Search This Blog

Wednesday, August 31, 2016

Transfer Data from Amazon's AWS S3 Servers to Google Cloud

A while back I decided it would be a smart idea to archive my Aperture photos (now Apple Photos) since my Macbook, a 2008 model, is near end of life in terms of hardware longevity. A quick research landed me at Amazon's cloud storage, S3 (Simple Storage Service), at just pennies per GB. I have around 100 GB of data within Aperture, so I needed something that was less expensive than using Google Drive.

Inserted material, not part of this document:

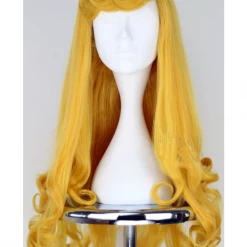 Cosrea Sleeping Beauty Aurora Extended Length Curl Cosplay Wig Cosplay Wigs
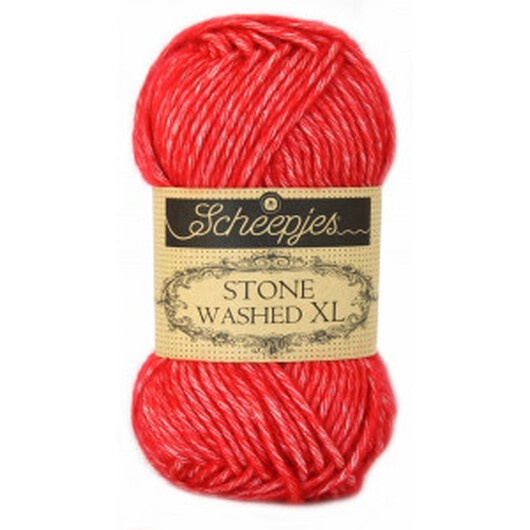 Scheepjes Stone Washed XL Garn Mix 863 Carnelian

As of this writing, Google Drive is $1.99/mo for 100 GB, and the next tier is 1 TB for $9.99/mo, with no scaling between the two tiers. S3, on the other hand, is $0.03/GB for standard storage ($3 per 100 GB, but scalable), and $0.007/GB for their long-term infrequent access "Glacier" storage. My plan was to upload all of my data from my Aperture library to S3, and then have it automatically archive to Glacier, costing me about 7 cents per month to safely stow away several years worth of photos. Sounds like a pretty good deal, right?

The problem with Glacier is that it is meant to be a long-term storage solution with very infrequent access. Once the files are in S3, I'd have to run a script to archive them to Glacier, followed by removing the files from S3 to save money. The next archive time I would have to transfer from Glacier to S3 so that I could compare source/destination (computer to S3) for changes on upload, and then repeat the whole sequence of archiving. However, I don't have that much time dedicated to optimizing my backup plan. Rather, I'd just like a cloud storage solution that I can easily access whenever I want, without having to worry where all the data is spread across the AWS platform.

I recently discovered Google Cloud, which I surprisingly had not heard of before, considering how Google-centric all my stuff is. I mean, I have a Nexus phone, Chromebook, this website is hosted on Google (including using Google's DNS services), I use Blogger, as well as Drive. I'm pretty much a Google fanboy at this point. But, it never crossed my mind to see if Google had a solution. So I started to compare AWS to Cloud, and, for my purposes, they are surprisingly similar, yet Google's services seem more intuitive.

There are 3 tiers with Google Cloud Storage: Standard ($0.026/GB), Durable Reduced Availability ($0.02/GB) and Nearline ($0.01/GB). Although the Nearline is more expensive than Glacier, the ease of use far beats that of AWS's option. What's more, Google has a transfer service that talks to Amazon's S3, so I can easily transfer over my bucket - which is what a storage node is called for both services. Google has key term explanations if this is all new to you. But, basically, you create your Project (Google Cloud account), create a bucket (Standard, DRA, or Nearline), and then put objects (or files) into that bucket.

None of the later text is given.